• WORK REQUEST
Copy out the lines beginning at the one with "Exclusive Use, Restaurant Ours photo #1" and ending at the last line of the data, both included; pictures stay out.

• DATA SHOWN
# # # #

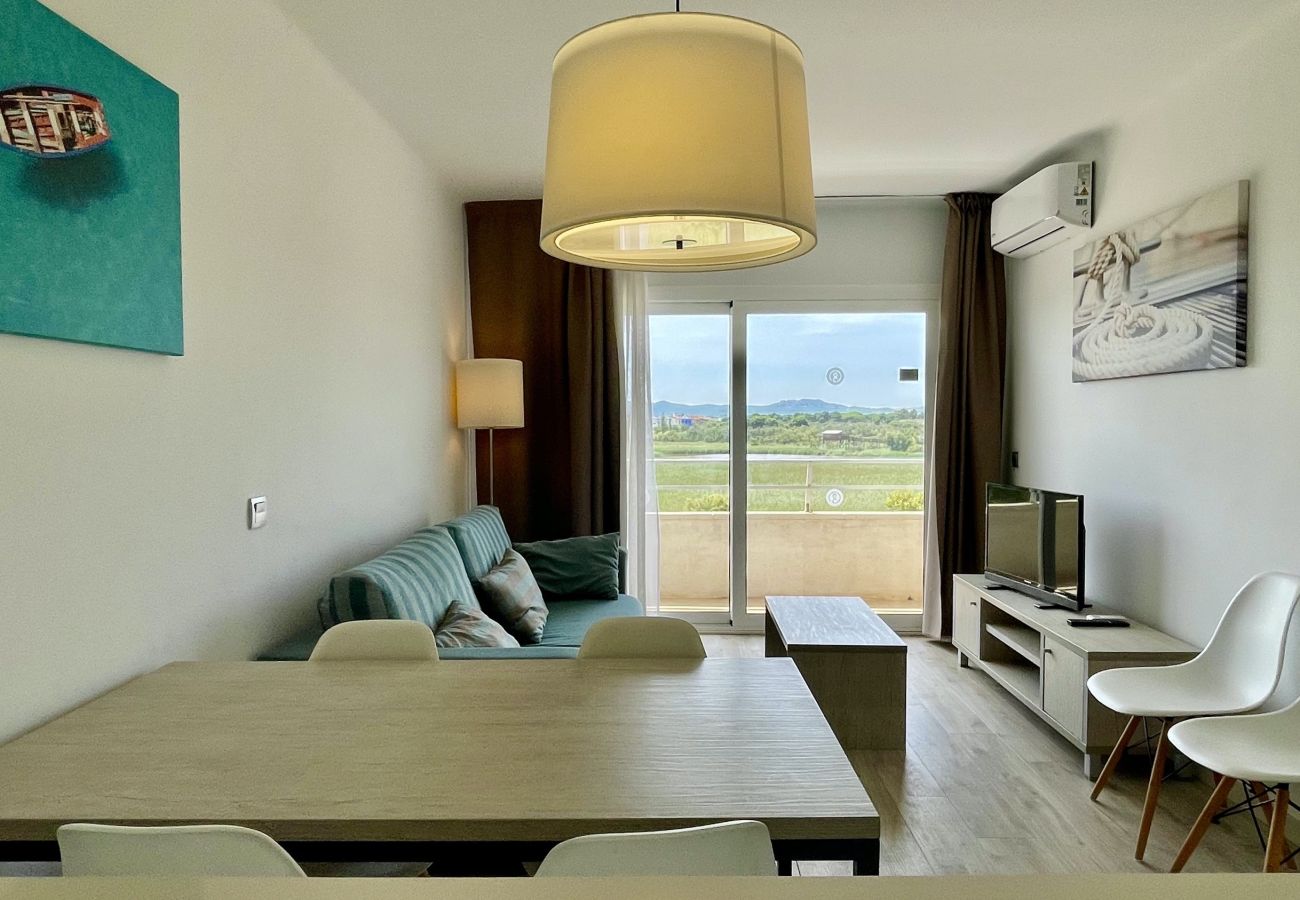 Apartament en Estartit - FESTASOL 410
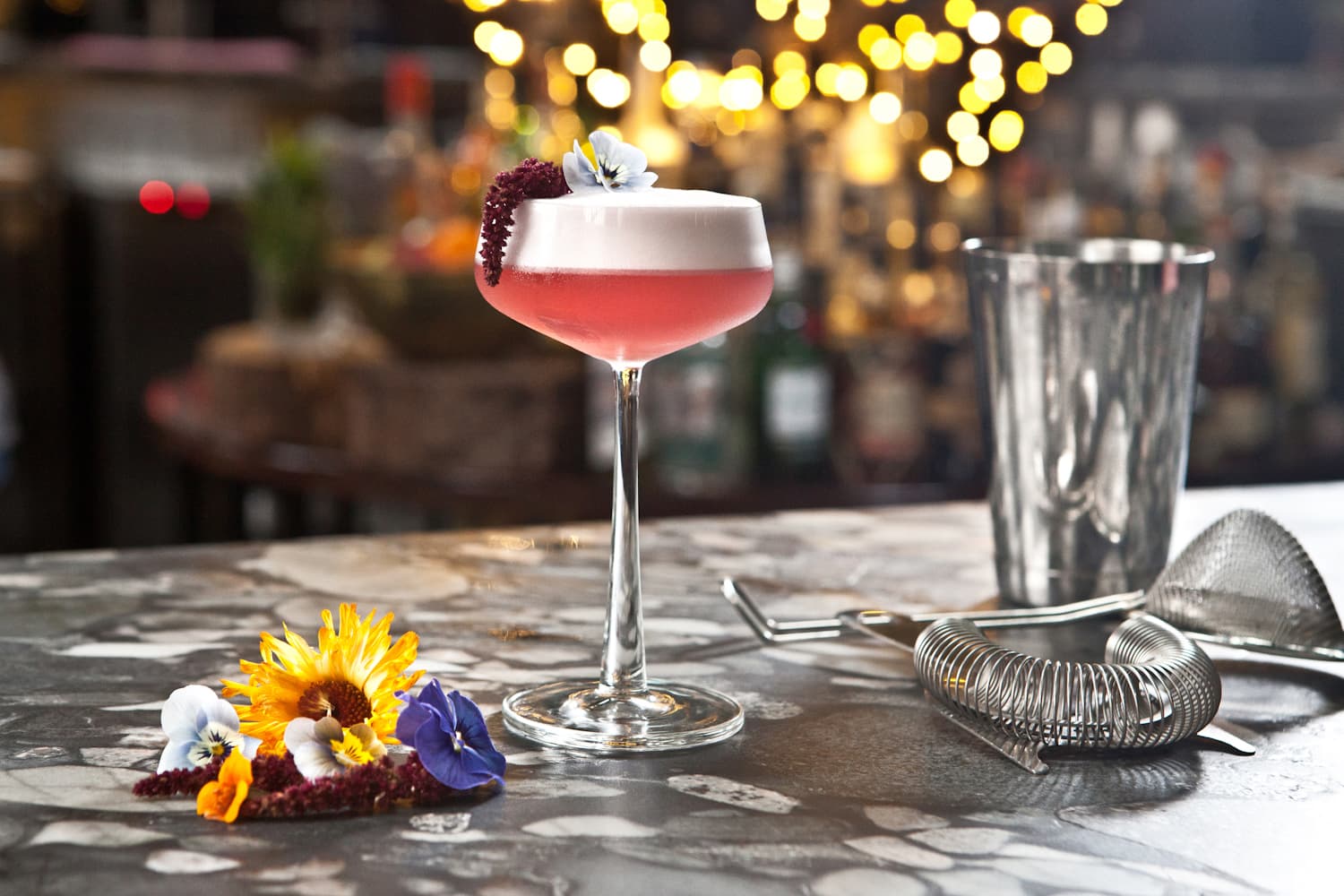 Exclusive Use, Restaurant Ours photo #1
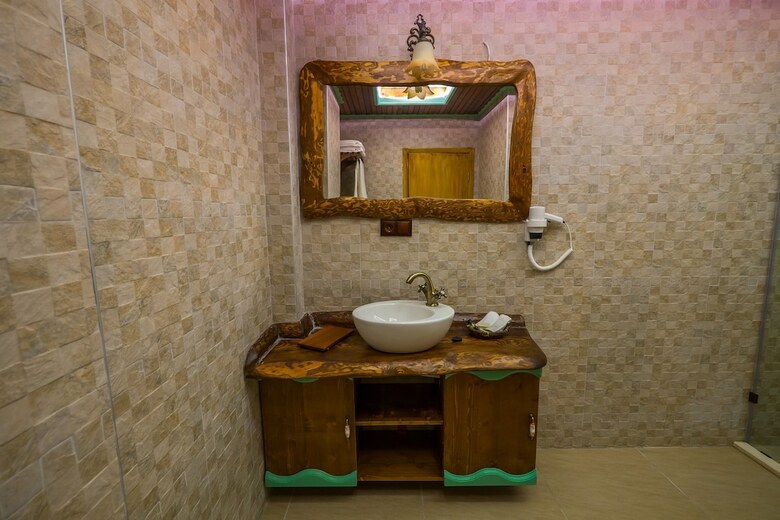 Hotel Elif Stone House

# # # #

• SOLUTION FOR THIS TASK
 Exclusive Use, Restaurant Ours photo #1
 Hotel Elif Stone House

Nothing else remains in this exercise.